The Balclutha Boy Scouts, with Scoutmaster Rassmussen in the centre. — Otago Witness, 7.6.1916.
A prominent storekeeper of North Auckland, interviewed by the Auckland Star, has no love for the aliens on the gumfields.

He said there had always been a strong feeling in the north against the influx of Austrians.

Near where he resided there was one camp of 150 Austrians, and in the whole Mangonui County there were between 1000 and 1200, of whom only 37 are married.

He estimated that in the province of Auckland there were between 3000 and 4000 Austrians on the gumfields.

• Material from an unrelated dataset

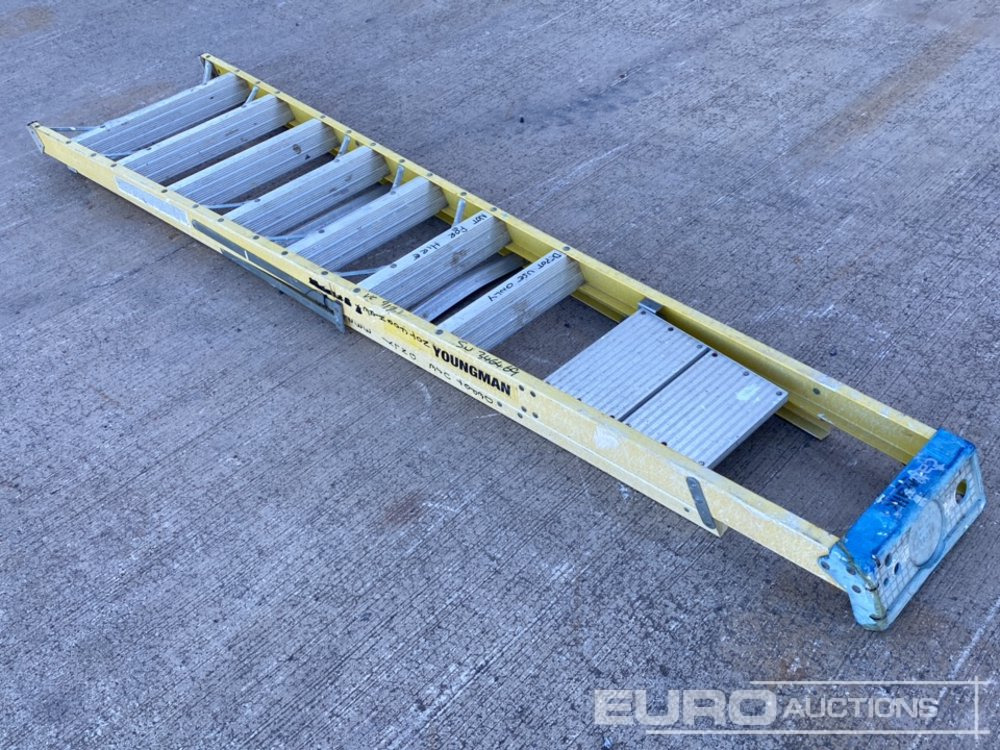 Youngman 8 Tread Fibreglass Step Ladder - Equipo de construcción: foto 3 Youngman 8 Tread Fibreglass Step Ladder - Equipo de construcción: foto 3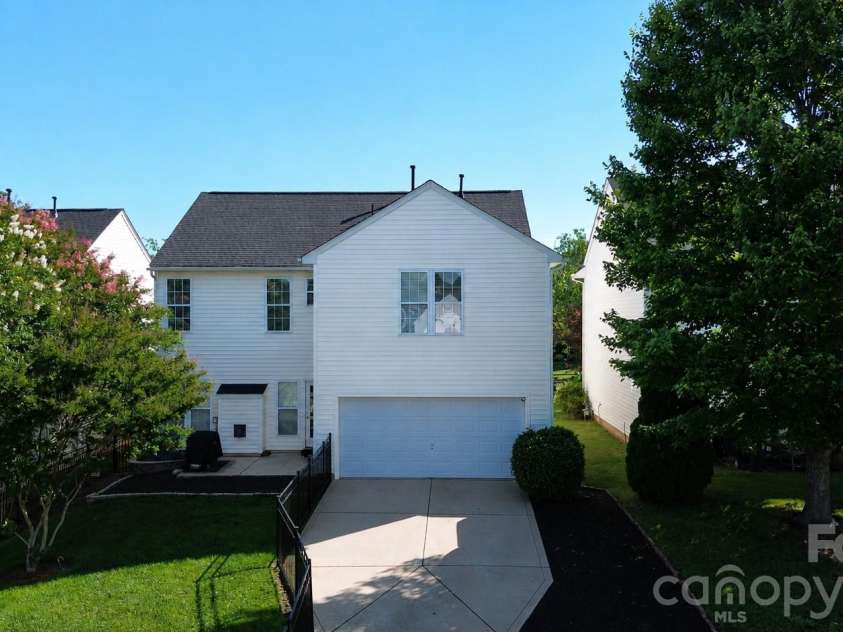 16931 Hugh Torance Parkway, Huntersville, NC 28078.  MLS# CAR4387955, YatesRealty ID 38459.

"I object,'' he said, "upon moral grounds to thousands of men coming here without any women with them. The records of the north will show that I have good reasons for my objection. To my mind this means the absolute ruin of the Maori race, because there are so many opportunities of procuring intoxicating liquor.''

• Captain Ronald Amundsen has resumed his preparations for an expedition to the North Pole, which were suspended on the outbreak of the war.

A short time before that event the Norwegian Storthing voted £12,000 as a subscription towards the expenses of the enterprise, but, having regard to the war, Captain Amundsen did not accept the money.

He thinks, however, that the time has now come to make arrangements to start this summer.

He proposes to leave Point Barrow, North Alaska, and to drive with the ice over the Polar Basin.

He will not use his old vessel the Fram, nor aeroplanes, but a specially constructed motor ship of about a hundred tons.

He intends shortly to publish a detailed statement dealing with the herring fisheries on the western coast of Norway.

• Mr C. A. Pearson, describing some incidents in the history of the recently-deceased London paper, the Standard, said: "When the paper passed under my control it was conducted on curiously old-fashioned lines. There was an extraordinary system of beer tickets in force, too. These tickets were given away by a highly-conscientious gentleman, who received a salary of 30s a week. He stood at the portals of the Standard office, intent upon seeing that no deserving person went away without a beer ticket. The drayman in charge of a load of paper, the boy who kept the coat of the visitor from brushing against the wheel of a hansom cab, the messenger who brought a letter, would all receive a mysterious-looking blue ticket, which entitled its possessor to half a pint of beer at any public-house in the neighbourhood. These beer tickets were redeemed on Saturday mornings, and cost the Standard about £800 a year.''

• Mr A. Garland (Waimate) is of the opinion that the best and most economical way to deal with the small bird nuisance is for the County Councils to employ men to go round the country poisoning here and there.

Selecting a favourable locality, he says, the birds should be fed on good wheat for a few days, after which the poisoned grain should be fed to them.

Their suspicions thus dulled, the birds would take the poisoned grain freely, and would be killed in large numbers.

If this system were adopted, the County Councils, who were now spending thousands of pounds on the destruction of small birds, would no longer require to purchase eggs and heads, and £50 a year would cover the cost of poisoning in the manner he suggested, and besides the very substantial saving in cash, a great many more birds would be killed. - ODT, 6.6.1916.